Records provided section start

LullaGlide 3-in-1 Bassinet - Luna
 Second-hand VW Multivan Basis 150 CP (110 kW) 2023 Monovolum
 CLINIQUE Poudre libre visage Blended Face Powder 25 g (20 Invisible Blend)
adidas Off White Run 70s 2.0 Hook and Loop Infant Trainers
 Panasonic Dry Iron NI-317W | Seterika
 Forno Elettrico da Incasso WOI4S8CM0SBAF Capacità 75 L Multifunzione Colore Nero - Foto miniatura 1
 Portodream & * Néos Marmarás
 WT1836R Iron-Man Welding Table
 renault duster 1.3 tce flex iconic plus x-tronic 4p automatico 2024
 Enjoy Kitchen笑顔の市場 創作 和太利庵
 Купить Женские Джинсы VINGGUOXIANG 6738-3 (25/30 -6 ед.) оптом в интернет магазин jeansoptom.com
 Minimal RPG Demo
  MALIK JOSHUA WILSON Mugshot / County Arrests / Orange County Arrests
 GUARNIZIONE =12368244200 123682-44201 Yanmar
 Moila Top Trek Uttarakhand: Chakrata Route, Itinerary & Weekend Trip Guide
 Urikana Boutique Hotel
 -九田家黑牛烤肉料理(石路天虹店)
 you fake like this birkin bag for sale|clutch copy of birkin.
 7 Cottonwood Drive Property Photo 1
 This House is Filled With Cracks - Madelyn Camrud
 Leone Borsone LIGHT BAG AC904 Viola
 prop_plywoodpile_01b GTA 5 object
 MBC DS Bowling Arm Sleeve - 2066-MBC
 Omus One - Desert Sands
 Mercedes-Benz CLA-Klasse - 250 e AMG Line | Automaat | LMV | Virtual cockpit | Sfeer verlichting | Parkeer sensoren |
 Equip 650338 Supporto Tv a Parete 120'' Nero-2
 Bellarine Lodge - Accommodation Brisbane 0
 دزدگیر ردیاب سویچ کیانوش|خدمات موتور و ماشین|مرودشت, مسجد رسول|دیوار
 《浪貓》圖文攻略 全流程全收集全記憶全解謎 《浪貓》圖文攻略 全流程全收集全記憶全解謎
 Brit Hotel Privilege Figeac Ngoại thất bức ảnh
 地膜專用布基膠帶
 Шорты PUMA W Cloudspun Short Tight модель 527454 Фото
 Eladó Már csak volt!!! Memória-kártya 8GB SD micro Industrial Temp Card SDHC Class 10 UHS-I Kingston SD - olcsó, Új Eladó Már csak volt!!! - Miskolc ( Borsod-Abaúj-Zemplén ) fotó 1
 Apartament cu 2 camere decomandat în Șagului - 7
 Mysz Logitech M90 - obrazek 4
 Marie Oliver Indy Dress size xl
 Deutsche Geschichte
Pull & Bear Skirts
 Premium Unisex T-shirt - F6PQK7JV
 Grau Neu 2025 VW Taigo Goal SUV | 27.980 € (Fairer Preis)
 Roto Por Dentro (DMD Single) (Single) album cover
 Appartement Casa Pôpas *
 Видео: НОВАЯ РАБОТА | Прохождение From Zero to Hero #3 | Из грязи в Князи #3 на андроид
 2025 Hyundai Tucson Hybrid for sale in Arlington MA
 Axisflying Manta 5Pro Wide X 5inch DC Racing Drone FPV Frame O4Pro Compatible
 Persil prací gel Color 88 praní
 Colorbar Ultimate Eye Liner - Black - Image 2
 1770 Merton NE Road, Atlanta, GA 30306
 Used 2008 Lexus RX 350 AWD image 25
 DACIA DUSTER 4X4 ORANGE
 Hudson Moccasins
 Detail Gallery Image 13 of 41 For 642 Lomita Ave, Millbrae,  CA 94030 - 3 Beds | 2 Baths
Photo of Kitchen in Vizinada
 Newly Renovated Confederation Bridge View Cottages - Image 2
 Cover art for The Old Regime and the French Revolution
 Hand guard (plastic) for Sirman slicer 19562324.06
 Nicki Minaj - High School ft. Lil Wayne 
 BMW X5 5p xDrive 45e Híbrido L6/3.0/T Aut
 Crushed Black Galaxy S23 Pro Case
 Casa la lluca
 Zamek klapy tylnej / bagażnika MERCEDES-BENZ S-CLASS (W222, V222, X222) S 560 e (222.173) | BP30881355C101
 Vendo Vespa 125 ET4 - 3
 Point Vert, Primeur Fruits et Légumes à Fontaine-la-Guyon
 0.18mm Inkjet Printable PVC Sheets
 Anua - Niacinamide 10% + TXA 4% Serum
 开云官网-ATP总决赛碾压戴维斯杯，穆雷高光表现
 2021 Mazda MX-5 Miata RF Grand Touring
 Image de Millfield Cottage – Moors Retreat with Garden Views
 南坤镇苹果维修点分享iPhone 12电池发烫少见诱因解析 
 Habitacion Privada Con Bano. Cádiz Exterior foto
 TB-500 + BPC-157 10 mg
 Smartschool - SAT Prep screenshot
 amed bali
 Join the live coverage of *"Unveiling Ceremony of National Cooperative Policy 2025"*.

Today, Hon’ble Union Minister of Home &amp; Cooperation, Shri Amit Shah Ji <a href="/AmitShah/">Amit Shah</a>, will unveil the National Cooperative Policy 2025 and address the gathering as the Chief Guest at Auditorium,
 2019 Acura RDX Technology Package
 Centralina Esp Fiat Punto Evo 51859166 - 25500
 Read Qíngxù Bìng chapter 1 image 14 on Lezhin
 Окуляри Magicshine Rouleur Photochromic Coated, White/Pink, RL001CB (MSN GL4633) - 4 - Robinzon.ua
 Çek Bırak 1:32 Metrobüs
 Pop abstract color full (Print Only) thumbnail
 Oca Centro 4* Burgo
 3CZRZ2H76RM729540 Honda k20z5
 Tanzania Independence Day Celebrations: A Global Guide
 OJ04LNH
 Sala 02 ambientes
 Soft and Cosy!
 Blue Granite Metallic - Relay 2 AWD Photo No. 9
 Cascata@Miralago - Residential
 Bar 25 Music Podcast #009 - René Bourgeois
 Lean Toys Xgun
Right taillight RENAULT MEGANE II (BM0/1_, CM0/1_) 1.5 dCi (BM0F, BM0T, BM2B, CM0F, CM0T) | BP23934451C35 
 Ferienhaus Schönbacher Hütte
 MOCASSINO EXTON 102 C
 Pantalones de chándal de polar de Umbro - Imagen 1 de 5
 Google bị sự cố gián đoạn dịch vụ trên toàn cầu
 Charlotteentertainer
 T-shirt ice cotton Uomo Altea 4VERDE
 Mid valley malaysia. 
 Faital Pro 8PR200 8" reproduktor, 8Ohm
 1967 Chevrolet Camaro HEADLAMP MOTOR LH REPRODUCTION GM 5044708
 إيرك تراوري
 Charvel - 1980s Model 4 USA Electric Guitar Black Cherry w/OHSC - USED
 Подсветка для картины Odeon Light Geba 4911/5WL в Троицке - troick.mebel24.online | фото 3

Records provided section end

## Description of the task
Above are the records; from them, give again exactly the lines from the one containing "Roto Por Dentro" through the one containing "Photo of Kitchen in Vizinada", both included.

## Answer space
 Roto Por Dentro (DMD Single) (Single) album cover
 Appartement Casa Pôpas *
 Видео: НОВАЯ РАБОТА | Прохождение From Zero to Hero #3 | Из грязи в Князи #3 на андроид
 2025 Hyundai Tucson Hybrid for sale in Arlington MA
 Axisflying Manta 5Pro Wide X 5inch DC Racing Drone FPV Frame O4Pro Compatible
 Persil prací gel Color 88 praní
 Colorbar Ultimate Eye Liner - Black - Image 2
 1770 Merton NE Road, Atlanta, GA 30306
 Used 2008 Lexus RX 350 AWD image 25
 DACIA DUSTER 4X4 ORANGE
 Hudson Moccasins
 Detail Gallery Image 13 of 41 For 642 Lomita Ave, Millbrae,  CA 94030 - 3 Beds | 2 Baths
Photo of Kitchen in Vizinada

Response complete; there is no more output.